▸ Problem to solve: All lines from the one containing "İtalyan stil slim" through the end of the material below are to be printed exactly, both ends included, minus pictures.

▸ Entries supplied:

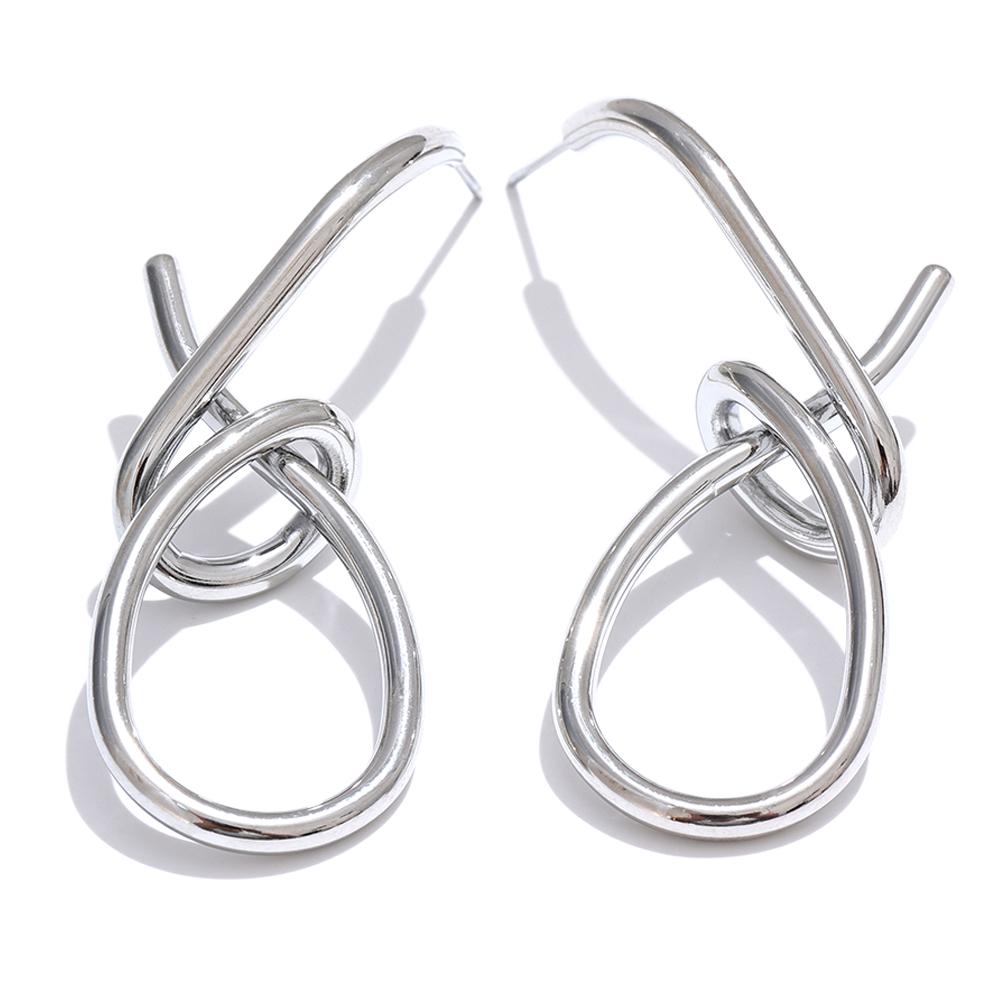 

Yhpup Personalized Stainless Steel Geometric Big Drop Unusual Earrings for Women Rust Proof Texture Statement Party Jewelry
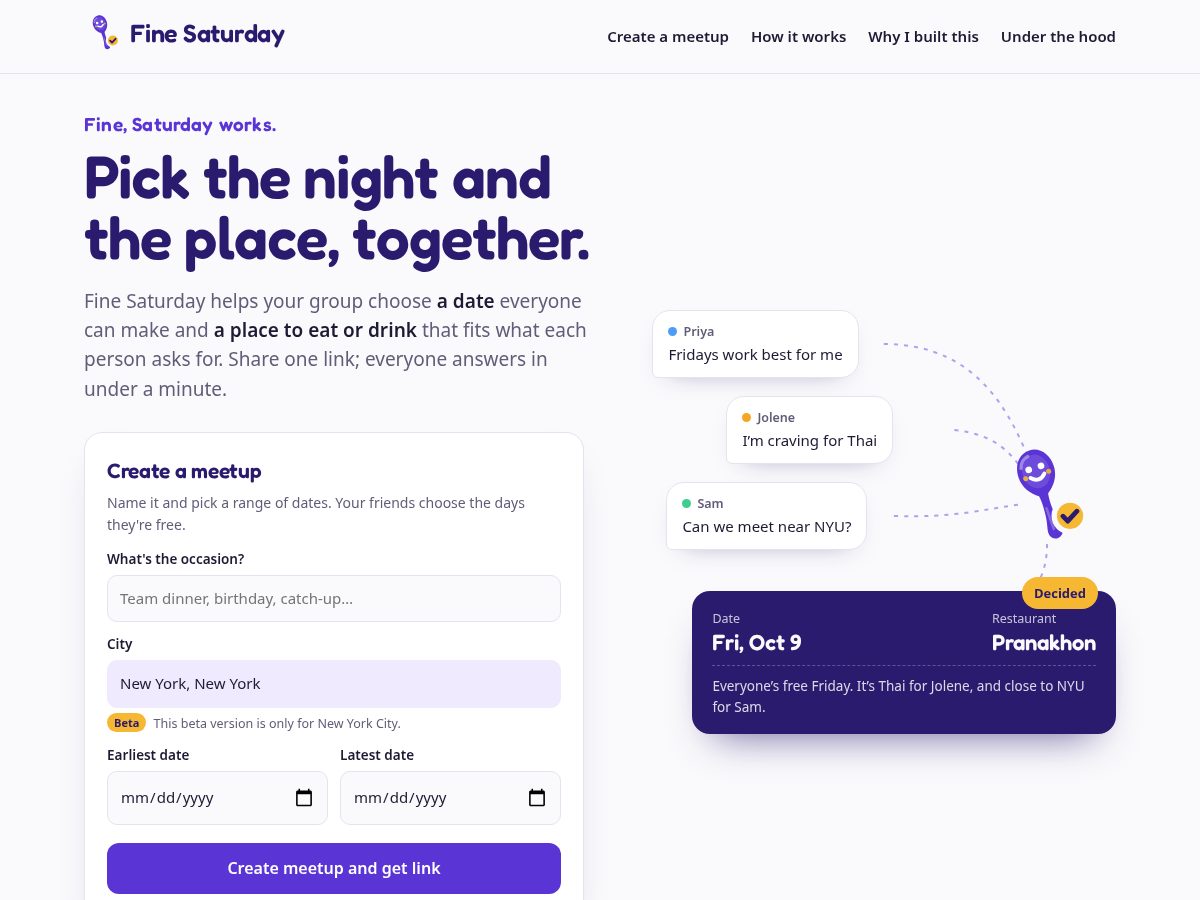 Landing-page snapshot of finesaturday.com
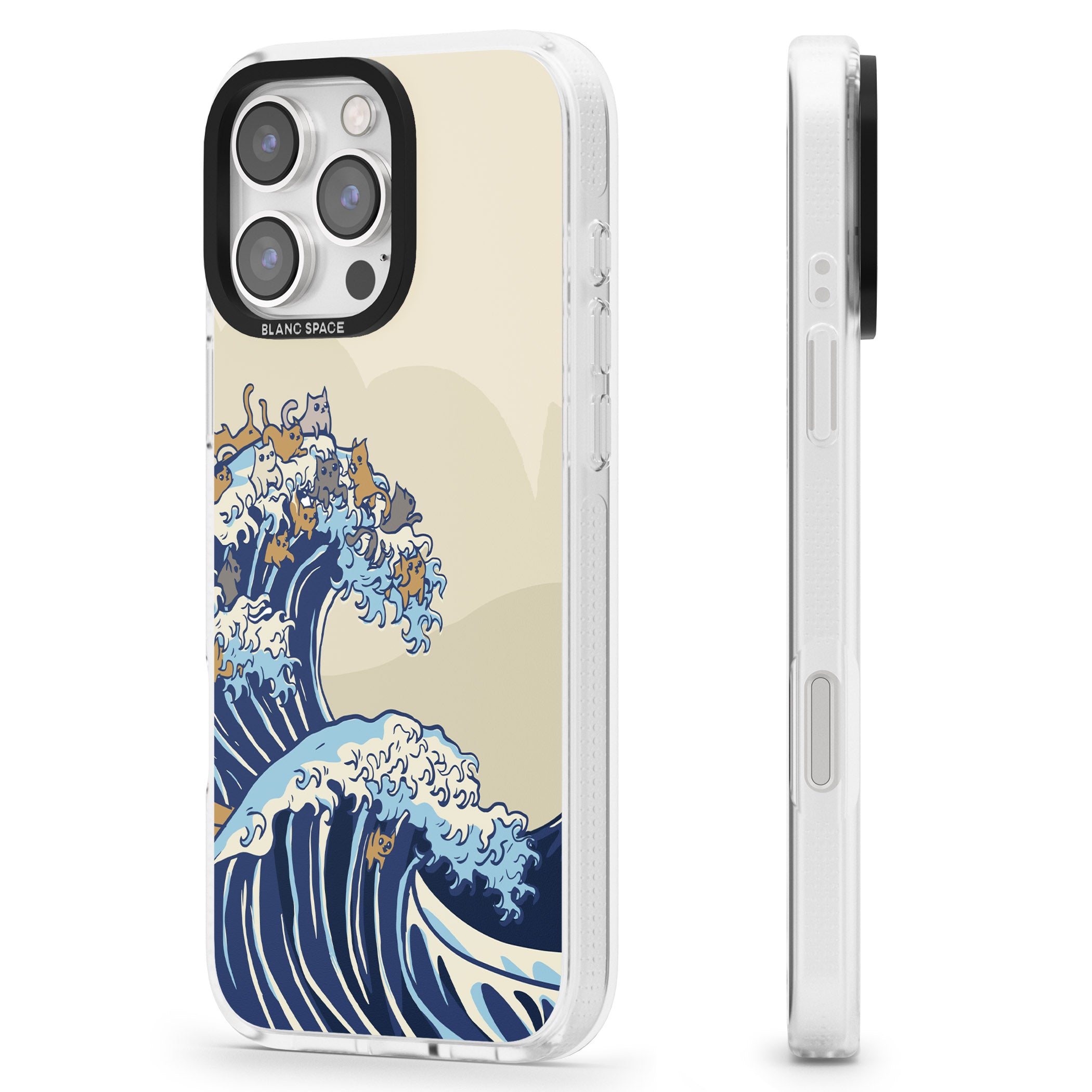 The Great Cat Wave iPhone 16 Pro Max / 16 Pro Clear Case Impact Air - Blanc Space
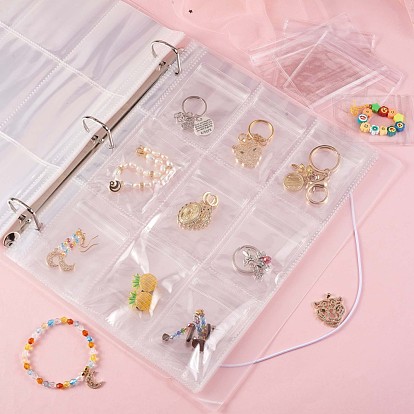 Transparent Jewelry Storage Book, with 312 Slots and 120Pcs Clear Zip Lock Bags, PVC Anti Oxidation Jewelry Storage Organizer for Rings Necklaces Bracelets Earrings Jewelry Beads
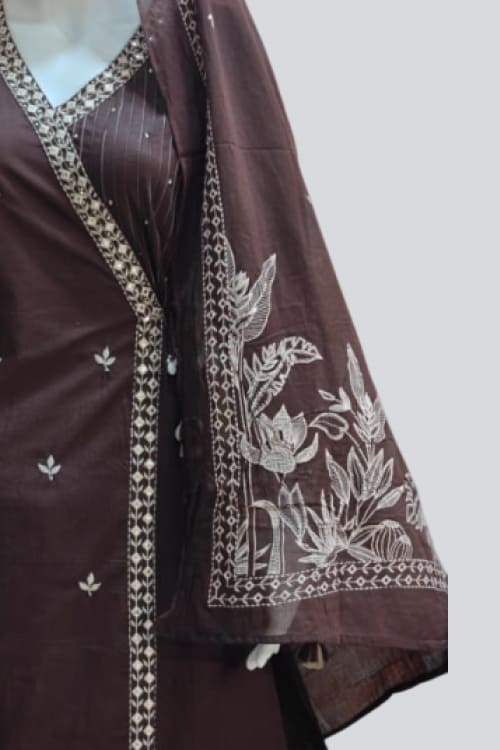 Elegant Chocolate Brown Lakhnavi Anarkali Set
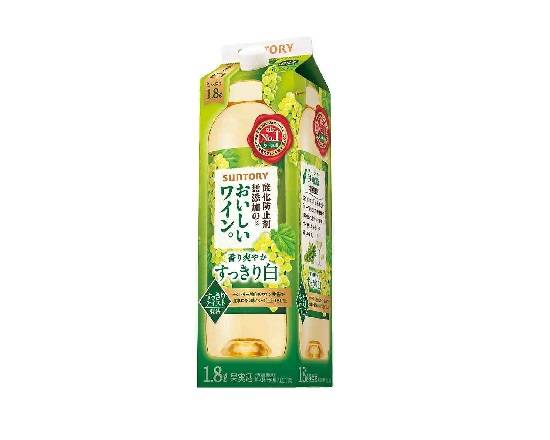 96649：サントリー 酸化防止剤無添加のおいしいワイン。 白 1.8Lパック / Suntry Sankaboshizai‐Mutenka No Oishii White Wine（Antioxidant‐Free Wine）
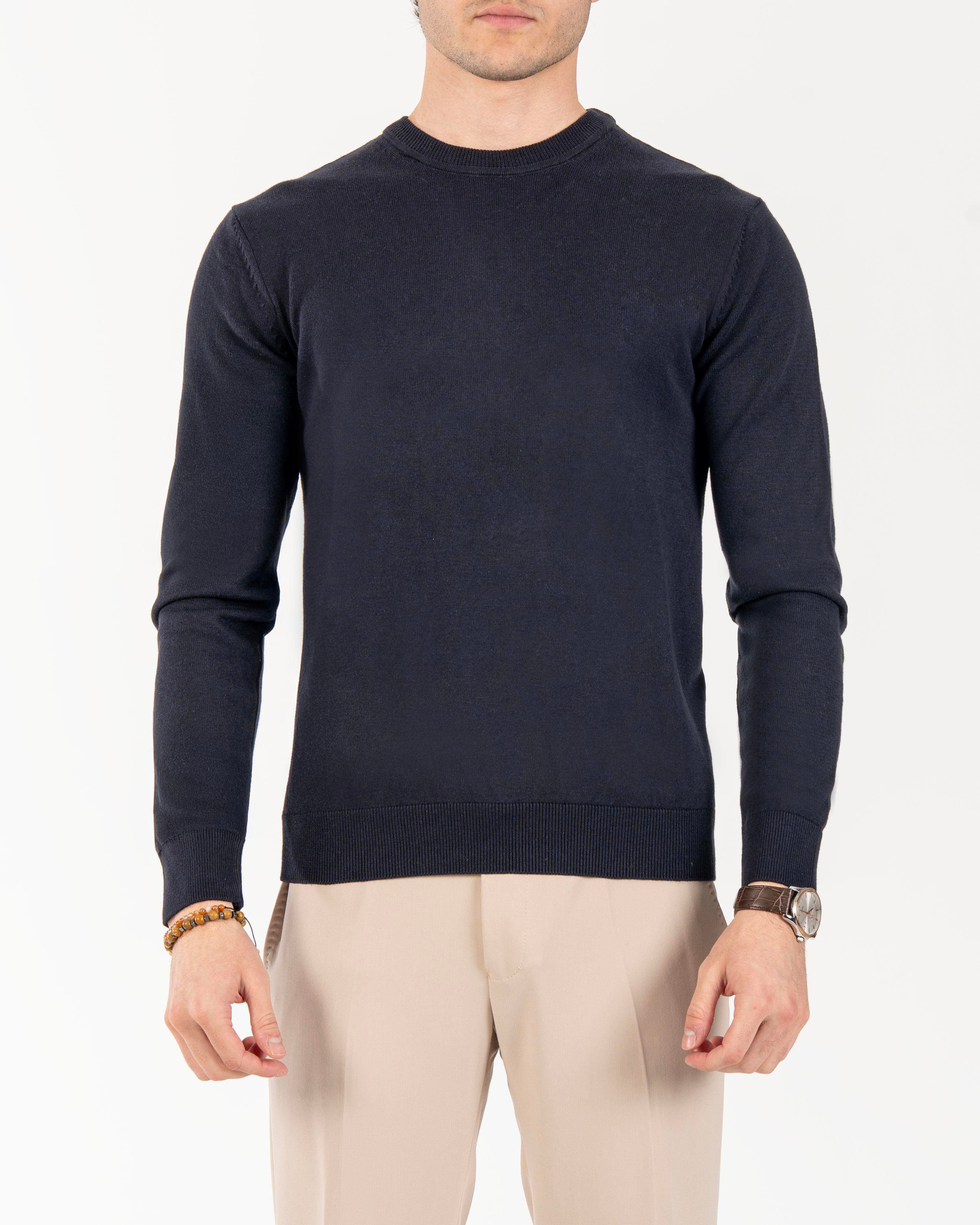 İtalyan stil slim fit erkek bisiklet yaka triko kazak lacivert T13120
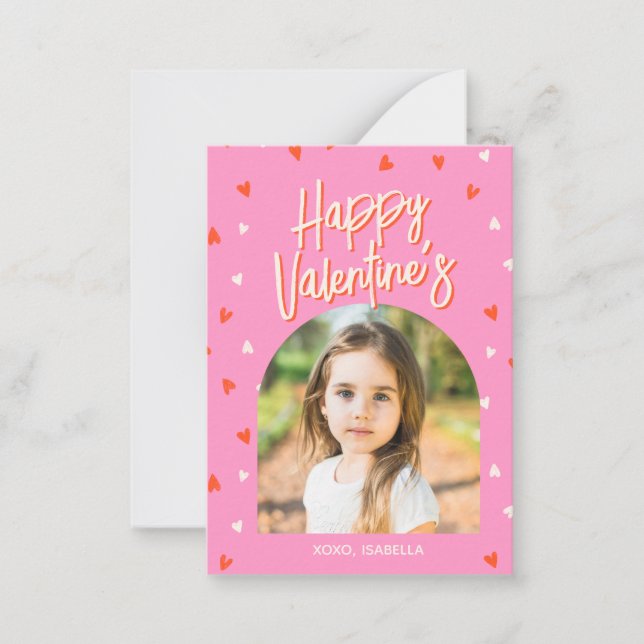 Personalized Cute Valentines Photo Classroom Card (Front)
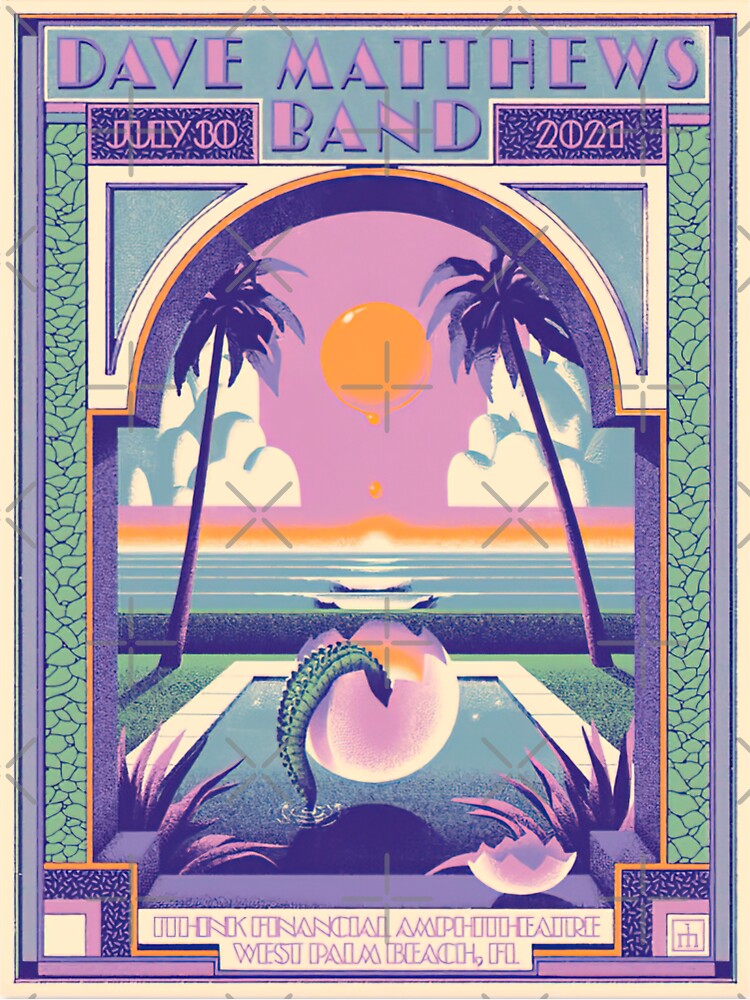 "DMB Show Poster West Palm Beach 1" Sticker for Sale by Mattieunique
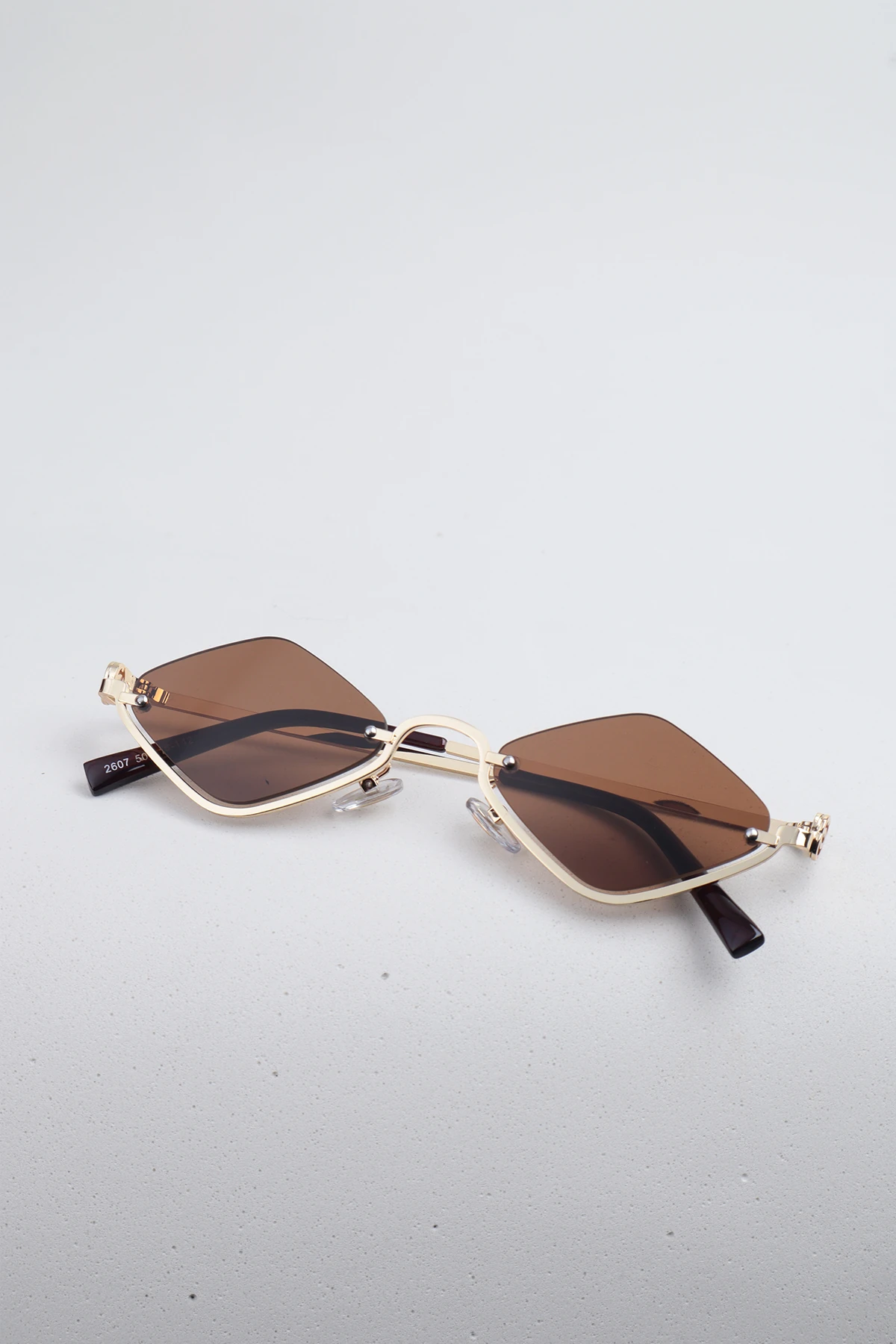 Talya Çerçevesiz Karo Vintage Tasarım Kadın Güneş Gözlüğü - Altın Çerçeve Kahve Cam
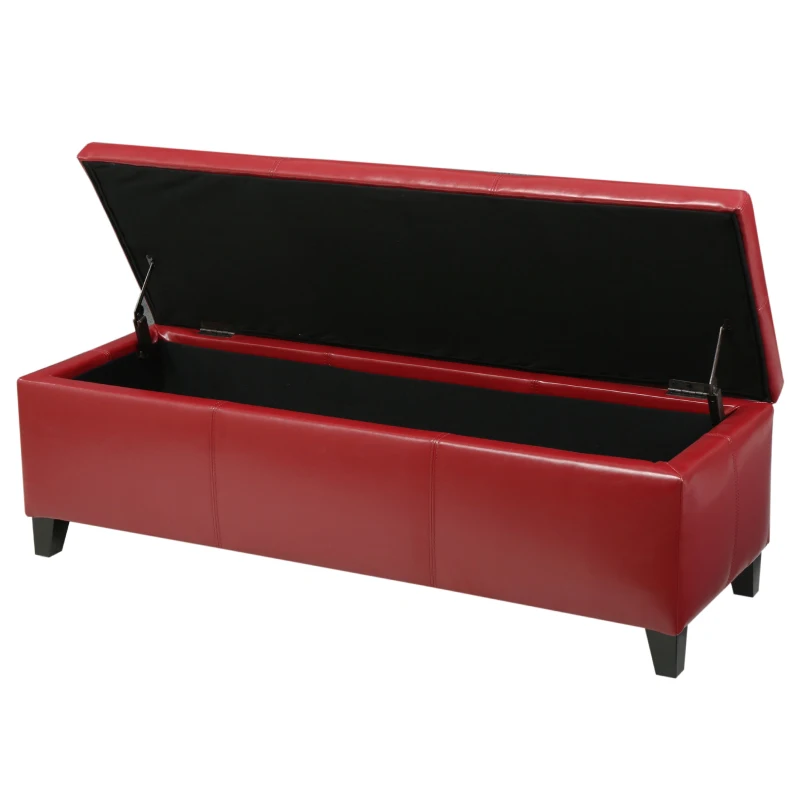 Storage Ottoman with Contemporary Design, Upholstered Seating, Versatile Storage Bench, 51.25" L x 17.5" W x 16.25" H, Red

▸ Finished exercise:
 İtalyan stil slim fit erkek bisiklet yaka triko kazak lacivert T13120
 Personalized Cute Valentines Photo Classroom Card (Front)
 "DMB Show Poster West Palm Beach 1" Sticker for Sale by Mattieunique
 Talya Çerçevesiz Karo Vintage Tasarım Kadın Güneş Gözlüğü - Altın Çerçeve Kahve Cam
 Storage Ottoman with Contemporary Design, Upholstered Seating, Versatile Storage Bench, 51.25" L x 17.5" W x 16.25" H, Red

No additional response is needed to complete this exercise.